- What this task involves: Every record below is to be retyped exactly, with the pictures left out.

══ Exercise data ══

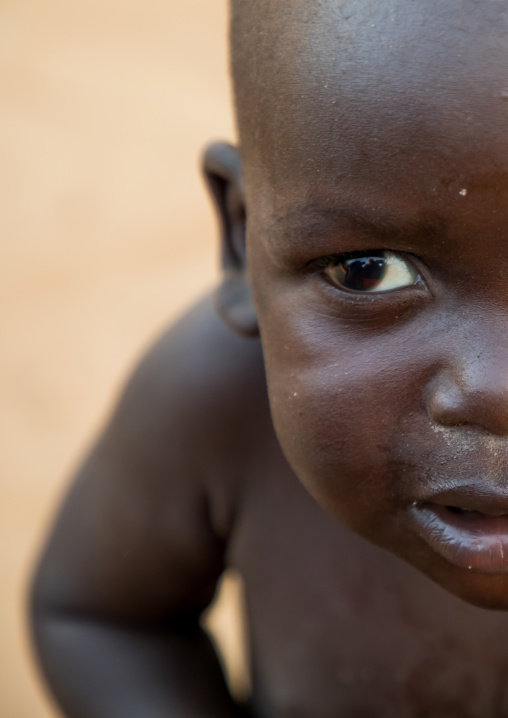 Half face of a Larim tribe baby, Boya Mountains, Imatong, South Sudan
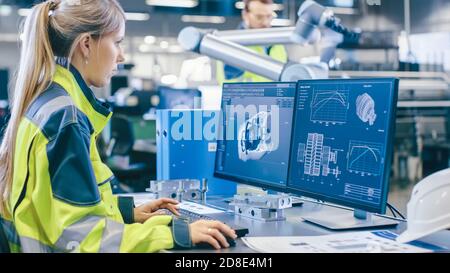 At the Factory: Female Mechanical Engineer Designs 3D Engine on Her Personal Computer, Male Automation Engineer Uses Laptop for Programming Robotic Stock Photo
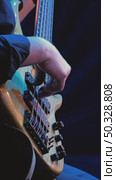 Close-up of a bass guitarist's hand skillfully playing a bass guitar in soft blue light. Concert jazz band. Стоковое видео, видеограф Воловодов Владимир / Фотобанк Лори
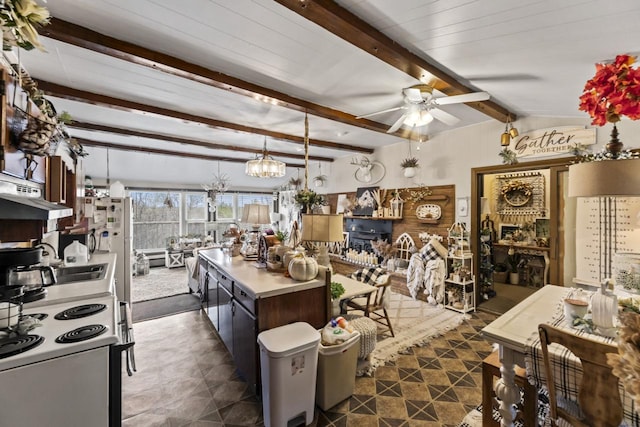 kitchen featuring a center island, ceiling fan with notable chandelier, hanging light fixtures, vaulted ceiling with beams, and extractor fan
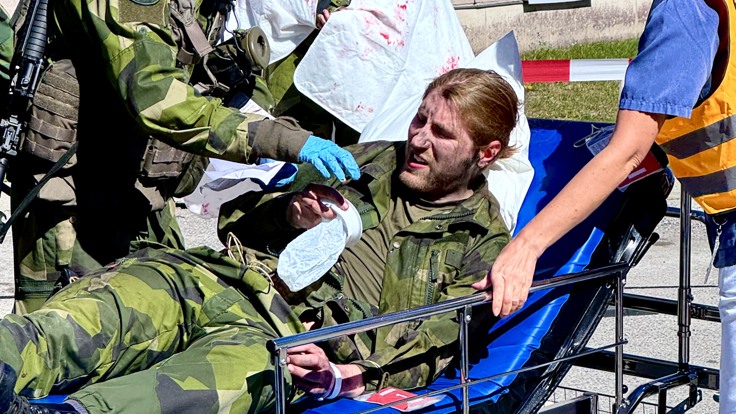 En grupp människor som står runt en man i en sjukhussäng.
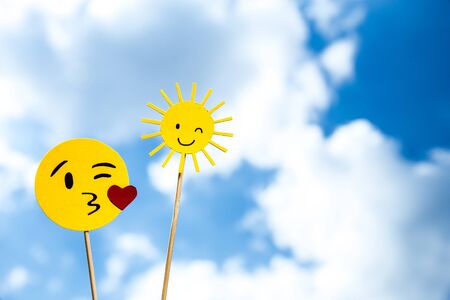 KYIV, UKRAINE - MAY 25, 2019: paper cut blowing kiss emoji and smiling sun on blue sky background with cloudsのeditorial素材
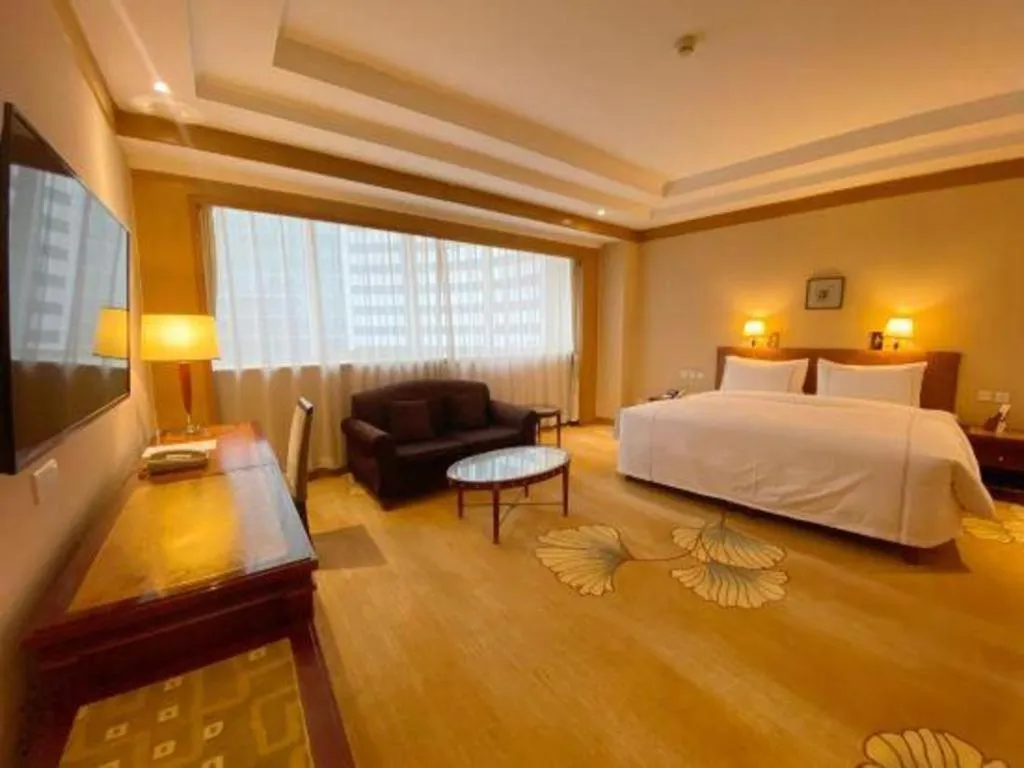 Bed in Jianguo Garden Hotel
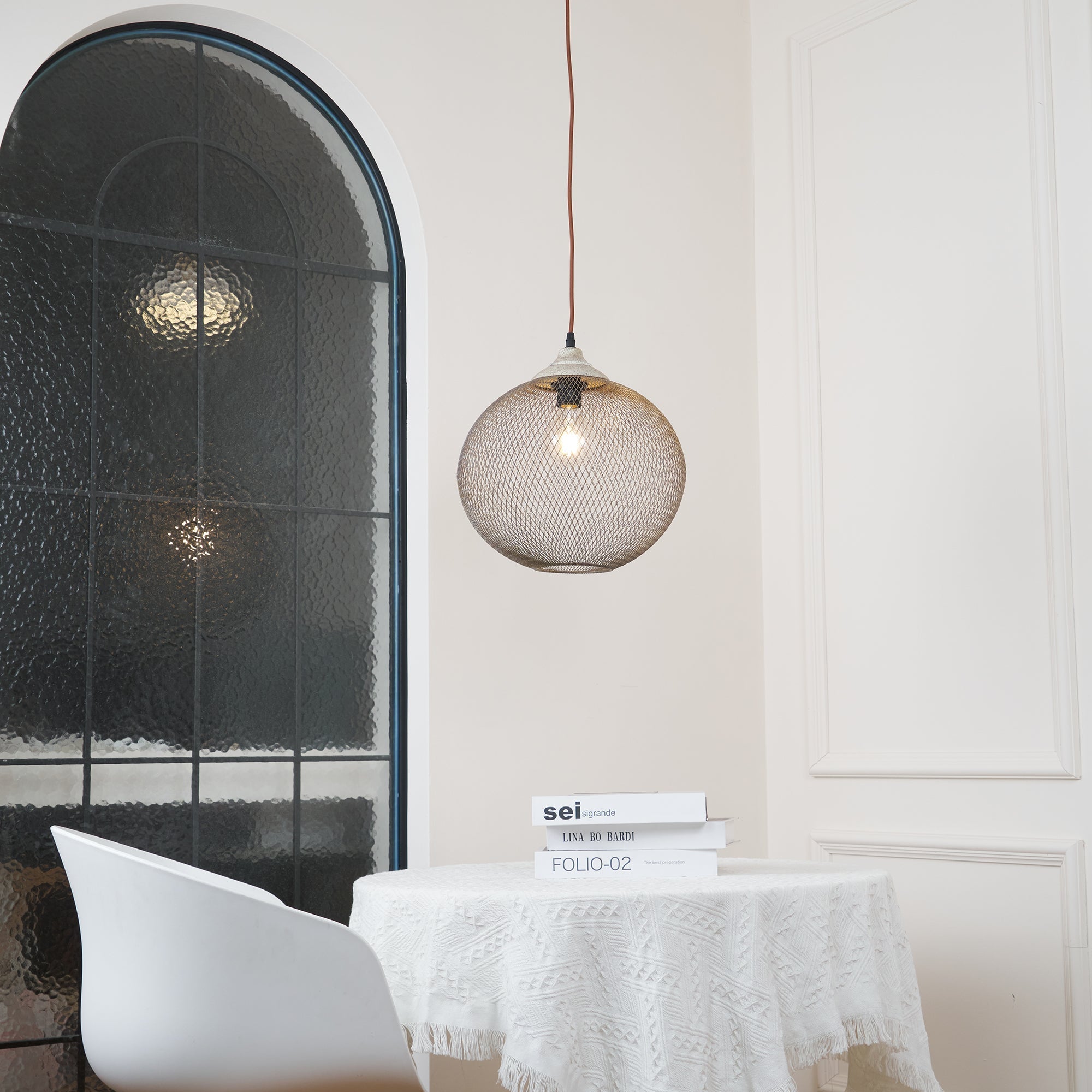 The Clérachic mesh pendant lights a dining nook beside an arched window and a stack of books.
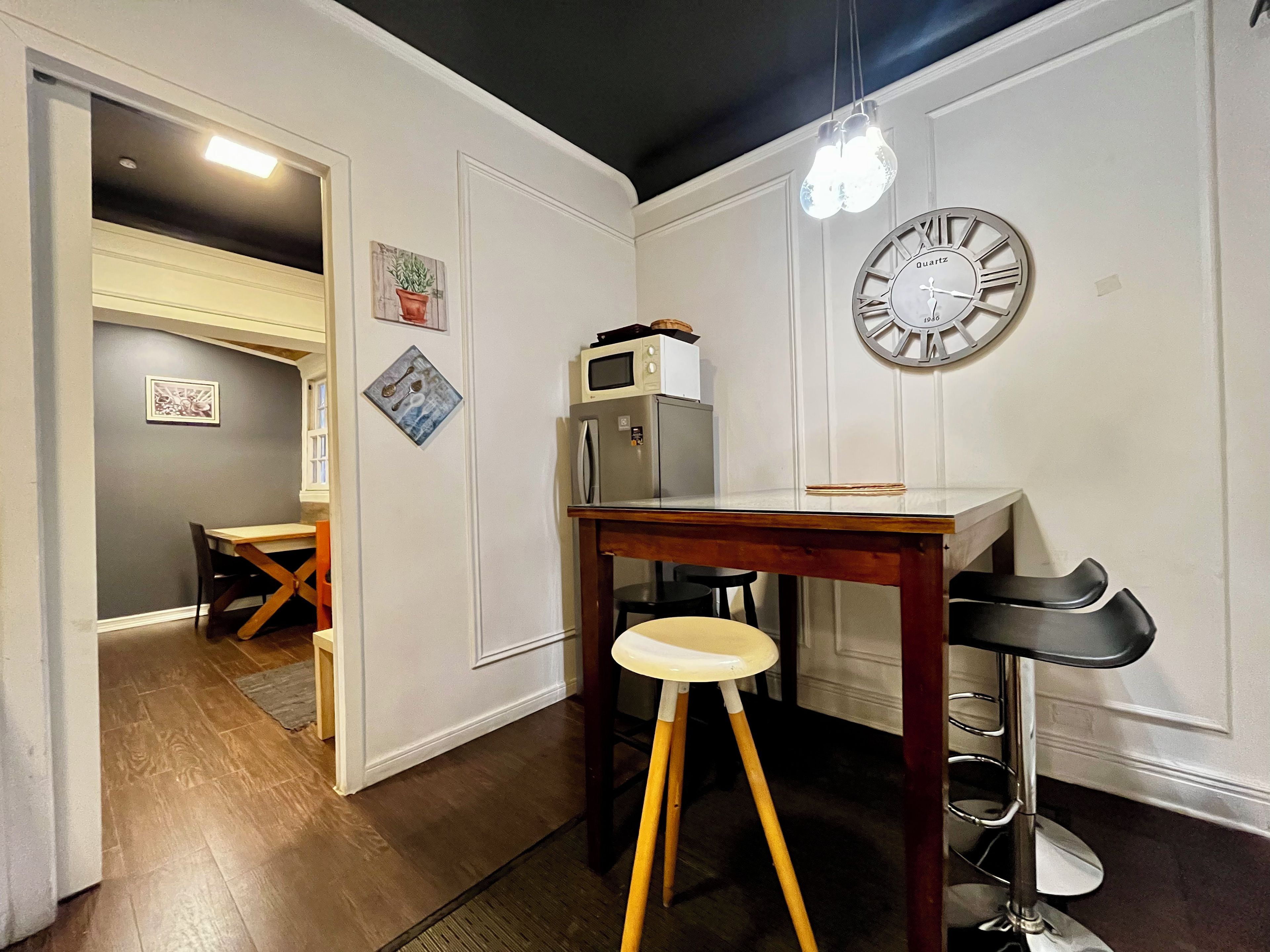 Una cocina compacta con una mesa de madera, un taburete, un refrigerador y un reloj de pared.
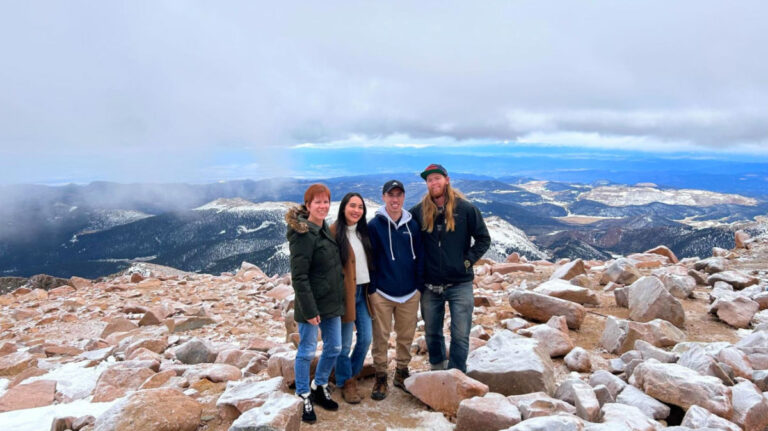 Travel Lemming editor Abigail and her family at the Pikes Peak summit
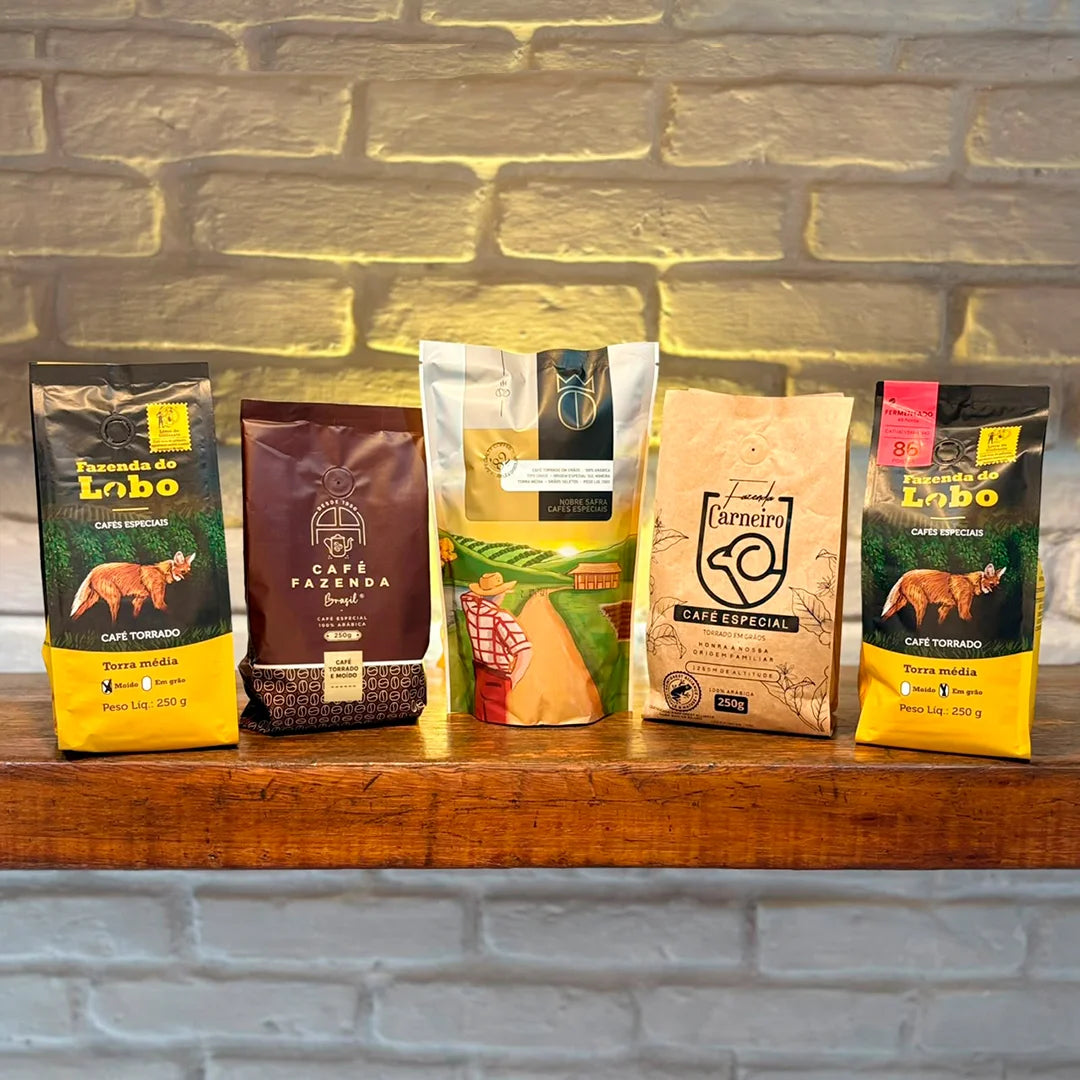 Cinco pacotes de café especial de produtores do Sul de Minas sobre uma bancada de madeira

═══

- Solution to this task:
 Half face of a Larim tribe baby, Boya Mountains, Imatong, South Sudan
 At the Factory: Female Mechanical Engineer Designs 3D Engine on Her Personal Computer, Male Automation Engineer Uses Laptop for Programming Robotic Stock Photo
 Close-up of a bass guitarist's hand skillfully playing a bass guitar in soft blue light. Concert jazz band. Стоковое видео, видеограф Воловодов Владимир / Фотобанк Лори
 kitchen featuring a center island, ceiling fan with notable chandelier, hanging light fixtures, vaulted ceiling with beams, and extractor fan
 En grupp människor som står runt en man i en sjukhussäng.
 KYIV, UKRAINE - MAY 25, 2019: paper cut blowing kiss emoji and smiling sun on blue sky background with cloudsのeditorial素材
 Bed in Jianguo Garden Hotel
 The Clérachic mesh pendant lights a dining nook beside an arched window and a stack of books.
 Una cocina compacta con una mesa de madera, un taburete, un refrigerador y un reloj de pared.
 Travel Lemming editor Abigail and her family at the Pikes Peak summit
 Cinco pacotes de café especial de produtores do Sul de Minas sobre uma bancada de madeira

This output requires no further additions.